Block delivery is what we call informing a node about a new block. From the perspective of a node, new blocks might be freshly mined locally, just appended locally, or received from the network.

We handle these deliveries in the deliver function. The function makes the block visible to the node, applies the node’s update function, and handles the returned instructions to share existing or append new blocks.

def deliver(block, i, event):
    # update local visibility
    dag.make_visible(block, i)

    # simulate node i's action
    _init, update, _mining = node(i)
    with dag.set_view(i):
        ret = update(state[i], block, event)

    # store updated state
    state[i] = ret.state

    # handle communication
    for msg in ret.share:
        broadcast(i, msg)

    # handle appends w/o proof-of-work
    for draft in ret.append:
        append(i, draft)

The protocol specification assumes that blocks are delivered in order, that is, that the parents of a delivered block have been delivered before. For our previous use of deliver in the proof-of-work loop, this invariant is trivially true. The following wrapper ensures in-order delivery for messages received from the network.

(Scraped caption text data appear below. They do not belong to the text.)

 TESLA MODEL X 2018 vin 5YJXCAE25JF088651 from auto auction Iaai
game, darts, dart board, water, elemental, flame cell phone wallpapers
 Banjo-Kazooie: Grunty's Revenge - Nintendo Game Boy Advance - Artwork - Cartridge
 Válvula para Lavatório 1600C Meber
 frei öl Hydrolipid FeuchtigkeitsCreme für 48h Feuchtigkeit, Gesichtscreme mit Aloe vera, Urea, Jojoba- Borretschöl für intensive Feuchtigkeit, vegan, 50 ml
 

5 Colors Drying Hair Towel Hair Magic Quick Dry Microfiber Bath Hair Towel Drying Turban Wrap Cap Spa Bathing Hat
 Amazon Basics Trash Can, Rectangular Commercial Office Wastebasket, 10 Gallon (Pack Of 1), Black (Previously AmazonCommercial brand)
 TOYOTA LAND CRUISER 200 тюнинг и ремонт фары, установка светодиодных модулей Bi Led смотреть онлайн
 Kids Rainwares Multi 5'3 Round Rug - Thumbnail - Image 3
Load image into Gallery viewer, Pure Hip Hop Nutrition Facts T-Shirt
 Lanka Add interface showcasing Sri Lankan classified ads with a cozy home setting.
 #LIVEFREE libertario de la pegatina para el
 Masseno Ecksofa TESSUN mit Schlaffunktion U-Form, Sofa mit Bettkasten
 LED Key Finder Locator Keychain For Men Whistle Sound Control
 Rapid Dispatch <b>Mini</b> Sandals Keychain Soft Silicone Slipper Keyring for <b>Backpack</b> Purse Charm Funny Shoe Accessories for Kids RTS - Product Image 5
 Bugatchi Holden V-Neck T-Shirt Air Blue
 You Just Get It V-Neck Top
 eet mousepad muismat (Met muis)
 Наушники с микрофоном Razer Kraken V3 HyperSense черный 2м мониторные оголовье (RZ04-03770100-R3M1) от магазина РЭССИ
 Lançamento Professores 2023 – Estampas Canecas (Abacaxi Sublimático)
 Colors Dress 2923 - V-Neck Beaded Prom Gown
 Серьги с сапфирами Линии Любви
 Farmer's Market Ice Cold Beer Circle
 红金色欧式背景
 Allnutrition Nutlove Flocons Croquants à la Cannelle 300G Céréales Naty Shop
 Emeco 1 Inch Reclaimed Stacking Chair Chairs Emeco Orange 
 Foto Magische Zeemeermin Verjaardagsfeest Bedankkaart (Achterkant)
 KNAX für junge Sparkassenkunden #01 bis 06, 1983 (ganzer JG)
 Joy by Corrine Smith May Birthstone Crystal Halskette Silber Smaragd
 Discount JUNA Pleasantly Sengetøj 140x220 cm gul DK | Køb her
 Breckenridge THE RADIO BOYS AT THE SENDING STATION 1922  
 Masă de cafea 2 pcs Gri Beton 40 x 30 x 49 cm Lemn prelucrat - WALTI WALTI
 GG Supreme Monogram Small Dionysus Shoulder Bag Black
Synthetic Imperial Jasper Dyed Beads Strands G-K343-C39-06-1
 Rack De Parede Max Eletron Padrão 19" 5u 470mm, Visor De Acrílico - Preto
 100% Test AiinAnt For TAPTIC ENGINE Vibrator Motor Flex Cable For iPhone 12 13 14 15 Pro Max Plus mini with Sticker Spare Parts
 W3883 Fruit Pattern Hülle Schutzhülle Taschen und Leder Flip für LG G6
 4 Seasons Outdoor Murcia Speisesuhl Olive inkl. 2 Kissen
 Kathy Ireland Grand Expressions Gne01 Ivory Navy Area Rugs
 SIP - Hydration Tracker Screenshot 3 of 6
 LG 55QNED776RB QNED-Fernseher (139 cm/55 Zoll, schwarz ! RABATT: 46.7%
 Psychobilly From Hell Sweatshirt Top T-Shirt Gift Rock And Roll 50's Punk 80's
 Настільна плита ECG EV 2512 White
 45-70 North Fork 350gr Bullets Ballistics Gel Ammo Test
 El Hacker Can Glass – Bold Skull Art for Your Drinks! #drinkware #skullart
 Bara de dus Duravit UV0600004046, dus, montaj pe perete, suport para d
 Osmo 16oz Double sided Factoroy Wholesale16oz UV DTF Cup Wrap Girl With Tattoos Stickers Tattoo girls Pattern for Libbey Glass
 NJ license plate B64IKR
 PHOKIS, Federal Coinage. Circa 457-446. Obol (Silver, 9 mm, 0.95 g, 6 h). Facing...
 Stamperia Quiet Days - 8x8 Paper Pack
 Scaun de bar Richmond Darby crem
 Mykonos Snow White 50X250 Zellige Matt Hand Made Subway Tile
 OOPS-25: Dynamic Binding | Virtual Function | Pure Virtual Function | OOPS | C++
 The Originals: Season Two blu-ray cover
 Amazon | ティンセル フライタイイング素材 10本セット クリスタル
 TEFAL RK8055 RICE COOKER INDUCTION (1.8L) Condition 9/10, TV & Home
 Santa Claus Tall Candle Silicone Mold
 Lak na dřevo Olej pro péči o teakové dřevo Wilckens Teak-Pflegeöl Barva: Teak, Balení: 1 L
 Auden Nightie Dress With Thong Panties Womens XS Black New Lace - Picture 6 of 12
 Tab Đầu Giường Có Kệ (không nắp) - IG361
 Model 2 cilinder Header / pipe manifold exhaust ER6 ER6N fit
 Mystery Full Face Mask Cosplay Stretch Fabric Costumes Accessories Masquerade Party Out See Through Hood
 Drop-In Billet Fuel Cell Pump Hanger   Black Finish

def deliver_in_order(block, i, event):
    def deliver_once(block, i, event):
        if not dag.is_visible(block, i):
            deliver(block, i, event)

    def all_parents_visible():
        for parent in block.parents():
            if not dag.is_visible(parent, i):
                return False
        return True

    delay_until(parents_visible, deliver_once, block, i, event)

Communication

Nodes may request block broadcasts from their update function. The simulator’s delivery function forwards these requests to the broadcast function below. For each of the sending node’s (src) neighbors, this function samples a message delay (t) and—after waiting for delay—delivers the block to the receiver (dst).

def broadcast(src, block):
    for dst in neighbours(src):
        t = message_delay(src, dst)
        delay(t, deliver_in_order, dst, block, "network")

Non-PoW Blocks

Nodes may request block appends from their update function. The simulator’s delivery function forwards these requests to the append function below. Without delay, the function appends the block draft to the DAG, ensures validity, and delivers the new block to the requesting node. Block’s originating from this mechanism do not carry a proof-of-work.

def append(i, draft):
    block = dag.add(draft)
    block.pow = False
    if validity(block):
        deliver(block, i, "append")
    else:
        dag.remove(block)

Discrete Event Simulation

Above we suggest to use concurrent programming to implement the scheduling primitives delay and delay_until. If implemented naively, the simulator would spend most the time waiting for the delays or checking properties becoming true. A delay of n seconds would actually take n seconds to simulate. Simulations would be real-time, but real-time is inconveniently slow in the proof-of-work blockchain context.

We speed up the simulation by skipping the delayed time instead of waiting for it to pass. The approach is called discrete-event simulation. The trick is to maintain a time-ordered queue of future events and define a loop that handles the scheduled events one after another until none are left. In the context of this simulator, future events are delayed function calls. Handling an event is as simple as evaluating the call. Each call may schedule further delayed calls. The time-ordering of the queue ensures that the calls happen in the same order as they would with naive waiting.

from queue import PriorityQueue

time = 0
queue = PriorityQueue()
props = []


def delay(seconds, fun, *args):
    queue.put(time + seconds, fun, args)


def delay_until(prop, fun, *args):
    prop.append(prop, fun, args)


# simulator code goes here
...

while not queue.empty():
    # dequeue and handle next event
    time, fun, args = queue.get()
    fun(*args)
    # re-evaluate delay_until properties
    next_props = []
    for prop, fun, args in props:
        if prop():
            fun(*args)
        else:
            next_props.append(prop, fun, args)
    props = next_props

Note that using delay_until can cause significant overhead. We introduced this scheduling primitive to improve readability of the simulator pseudo-code. We completely avoid this kind of scheduling in our optimized simulator implementation.